[Data extracts]

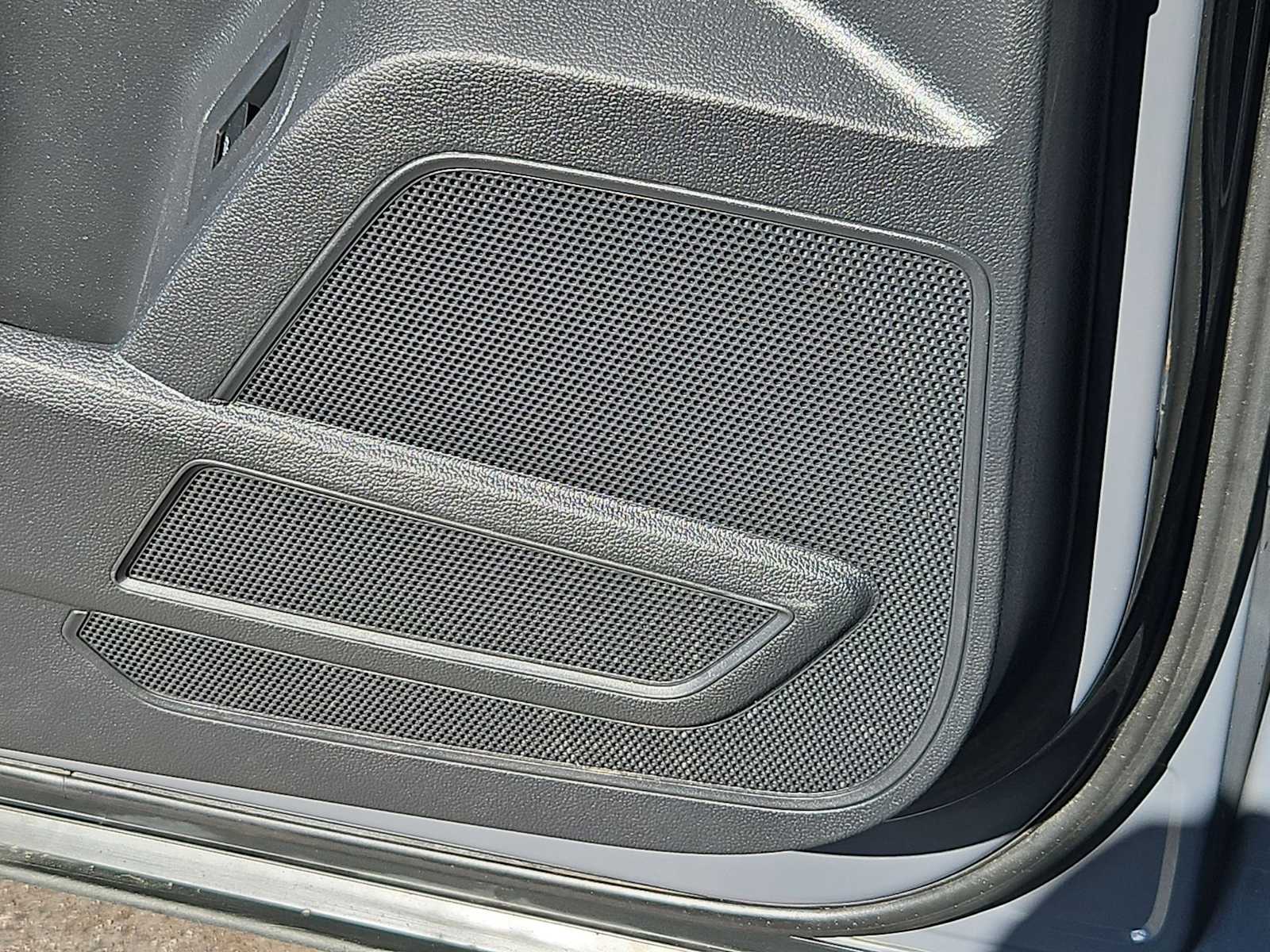 Thumbnail: 2021 Volkswagen Atlas - 32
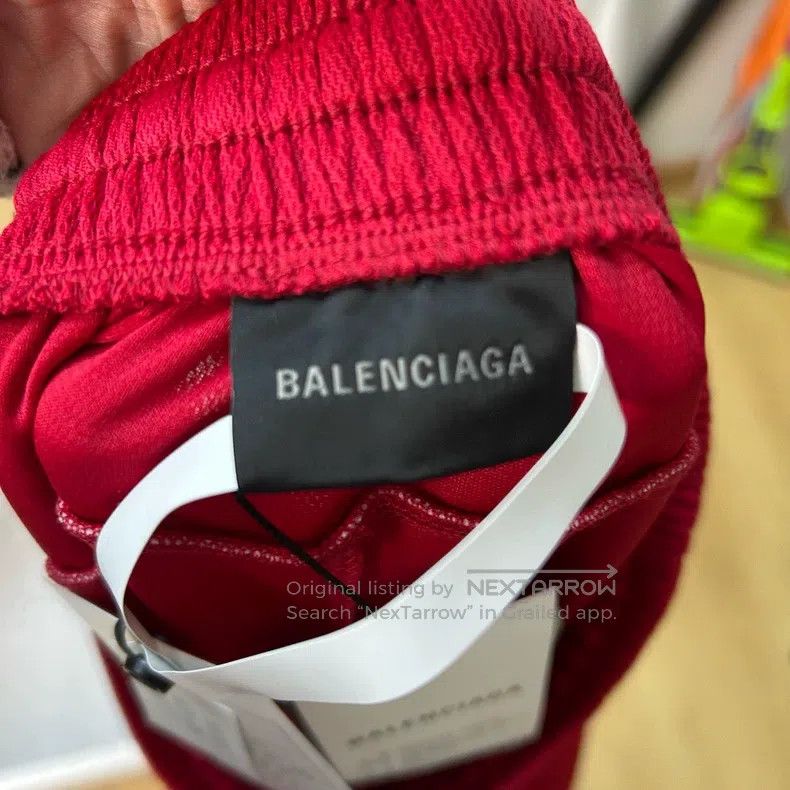 Balenciaga Balenciaga size XXS Manchester United Red Mesh Sports Shor Size US 27 - 3 Thumbnail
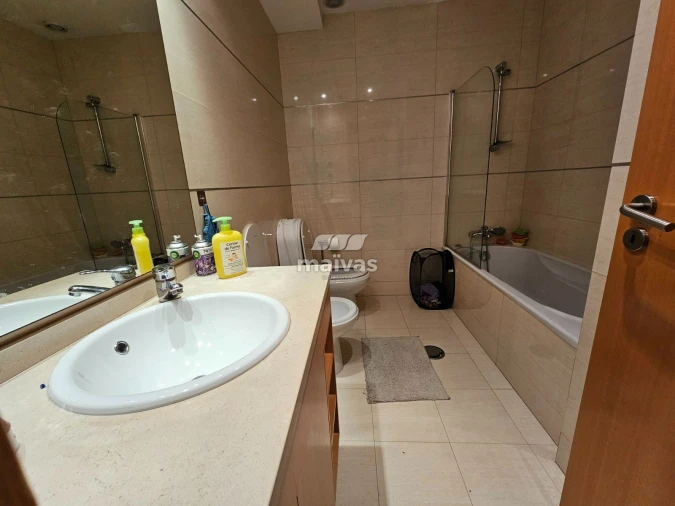 Apartamento T2 para Arrendamento em Rio Tinto Foto 10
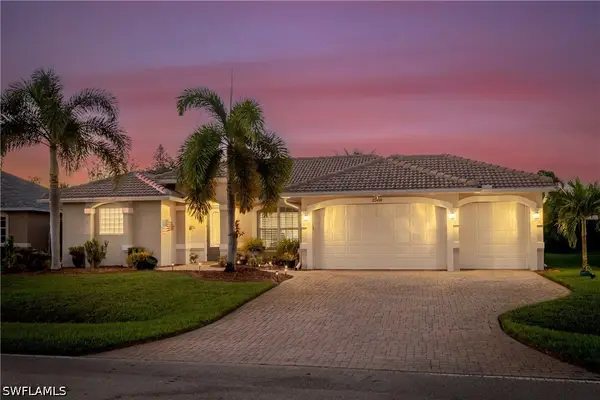 22450 Fountain Lakes Boulevard, Estero, FL 33928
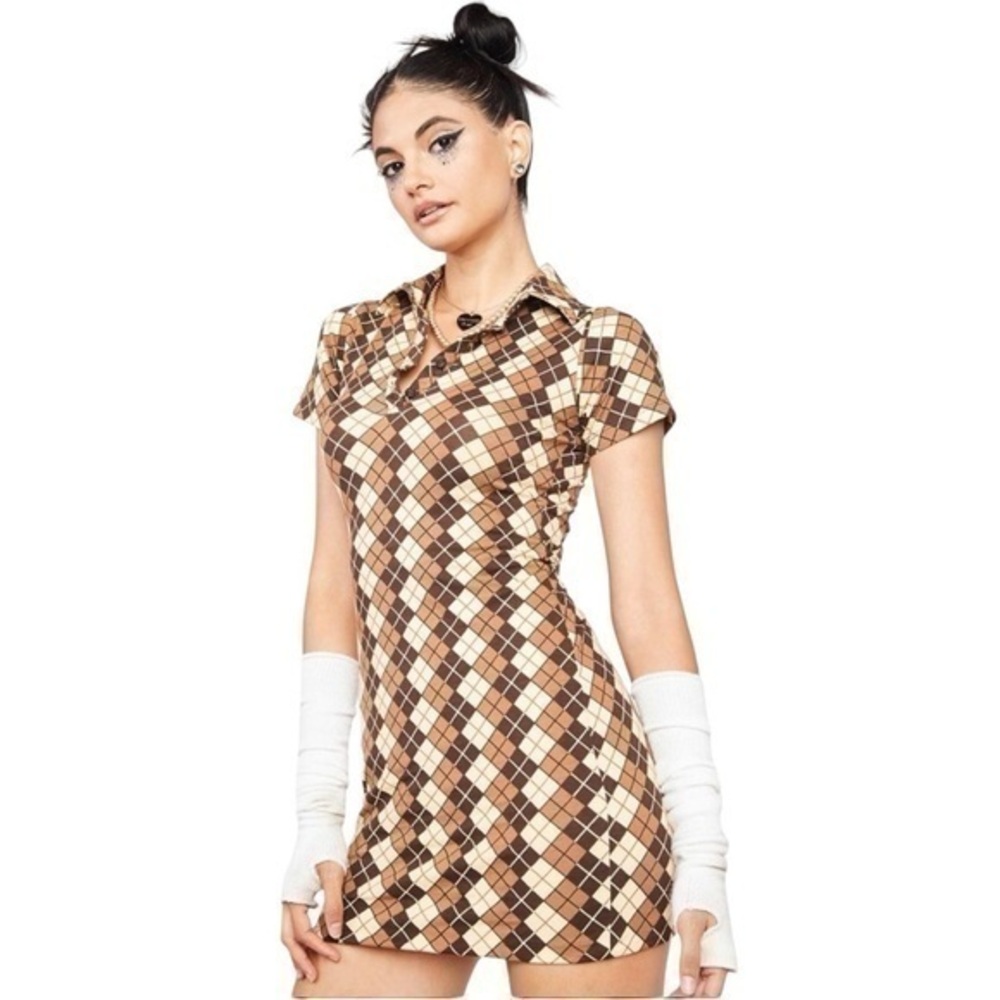 UO Motel Jeeves Mini Dress In Argyle Brown 💕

[/Data extracts]

Ignoring the pictures, write out word for word only the lines from the one containing "Balenciaga Balenciaga size" through the last line of the data, both ends included.

 Balenciaga Balenciaga size XXS Manchester United Red Mesh Sports Shor Size US 27 - 3 Thumbnail
 Apartamento T2 para Arrendamento em Rio Tinto Foto 10
 22450 Fountain Lakes Boulevard, Estero, FL 33928
 UO Motel Jeeves Mini Dress In Argyle Brown 💕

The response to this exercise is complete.